In data analysis of the niche-modulated genes based on the Ingenuity software (Redwood, CA, USA), the top function annotation category was “cancer” (25 molecules) followed by “cell death” (23 molecules) and “proliferation of cells” (20 molecules) (Supplementary Table 3). However, “proliferation of vascular tissue” yielded only one molecule (PTGS2), whereas our literature search yielded six molecules. Further analysis of the data from a niche-regulation perspective reasoned classification of the niche-modulated genes (Figure 1) into four functional categories:

Homing

Both RGS1 and CD69 regulate leukocyte retention in niche. RGS1 attenuates migration and retains cells in niche by regulation of G-protein signaling and reduction of B-cell response to chemokines such as CXCL12.14 Overexpression of CD69 retains immature B-cells in the BM and reduces their number in blood.15

Angiogenesis and stromagenesis

Several niche-modulated genes, for example, AREG, PTGS2, RGS1, RGS2, NR4A2 and IL8 support angiogenesis and recruitment of stromal cells.16, 17, 18, 19, 20, 21, 22, 23, 24

Expansion of BM cells

Amphiregulin (encoded by AREG) also supports tumor cells directly and promotes MM cell growth.25, 26 The upregulation of FOS, JUN, NR4A2, TRIB1 and CCL3 and the downregulation of MIR15A can also enhance leukocyte expansion and tumorigenesis.27, 28, 29, 30, 31, 32

Suppression of BM cells

As pointed above, the reduced viability of primary tumor cells out-of-niche was not preceded during all our records by induction of any specific proapoptotic gene like caspase. Still, constitutive overexpression of master regulatory genes like JUN, tumor-suppressor genes like EGR1 and KLF4 and less-defined genes like FOSB, CD69, PPP1R15A, TRIB1 and NFKBIA can be lethal by itself,10, 33, 34, 35, 36, 37, 38, 39 unless contact is resumed on time before translation/protein activation.

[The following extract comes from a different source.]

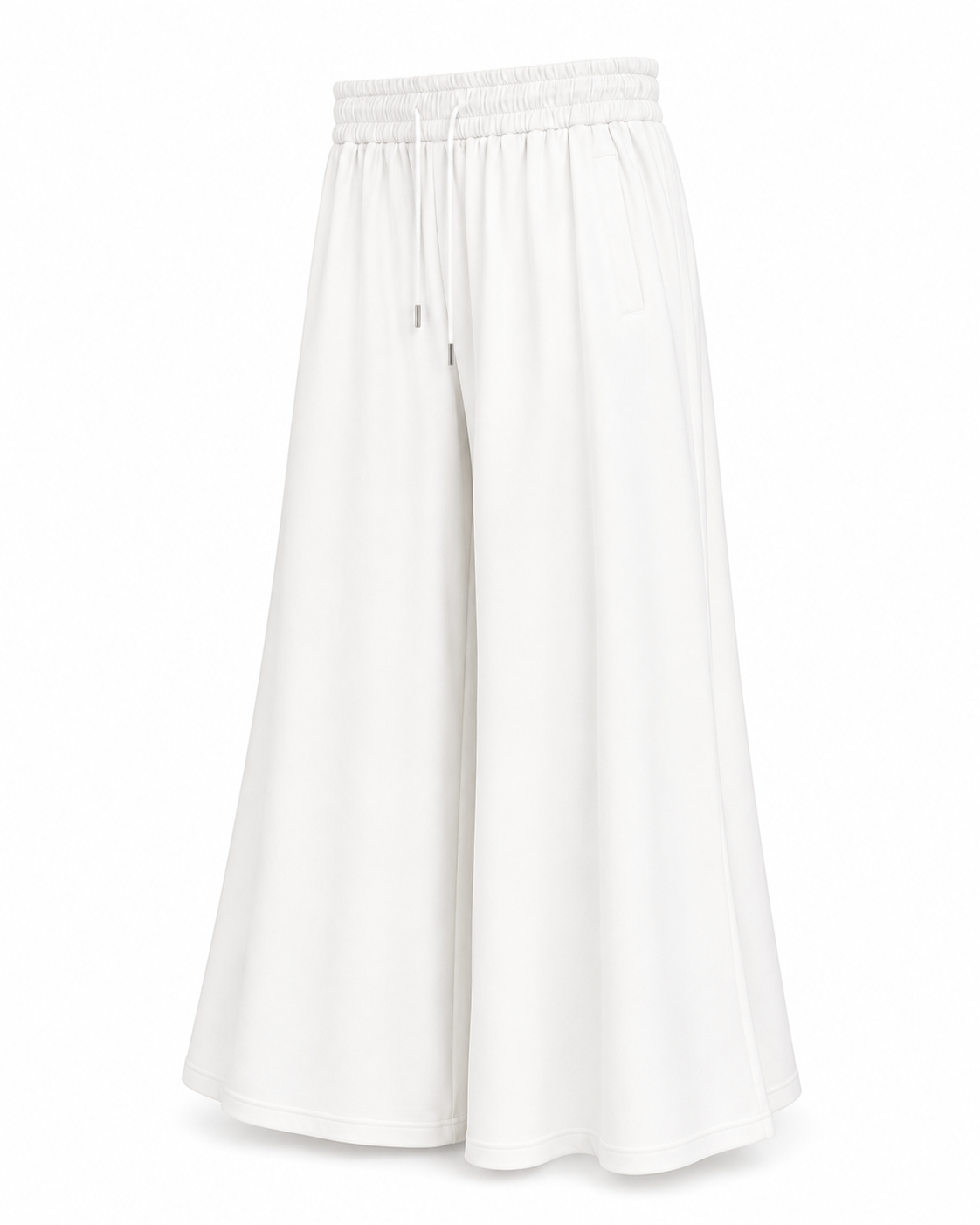 Pantalone Tuta a Palazzo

In reviewing the literature, we were unable to find any other series with the same GEP design. Still, the study by Chen et al.36 who observed downregulation of EGR1 and JUN in coculture of purified MM cells with osteoclasts compared with culture without osteoclasts is consistent with our data concerning the downregulation of both genes when contact is resumed. Irrespective of this, Chen et al.36 also found correlation between the outcome of MM patients to JUN and EGR1 expression by their tumor cells. The latter observation, however, did not consider the timing of RNA fixation, which in our series strongly influenced JUN and EGR1 expression. Furthermore, in most published GEP data sets analyzing purified MM or AML cells, the expression of the inducible contact-modulated genes was generally high as opposed to the ‘silence’ of these genes when recorded during homeostasis (immediately following aspiration). For example, in GDS531,40 the signal intensities recorded from FOSB, FOS, DUSP1, NR4A2, EGR1 and RGS1 approached the levels of GAPDH (Supplementary Table 4). Therefore, expression analysis may need some standardization in the future.

In conclusion, despite the limited number of cases analyzed in the present study, the serial methodology used and the reproducibility of results substantiated our contact regulation model. The major questions left are: (1) Who is the sensor of contact? and (2) How is the message transmitted and how does it regulate transcription of so many genes simultaneously?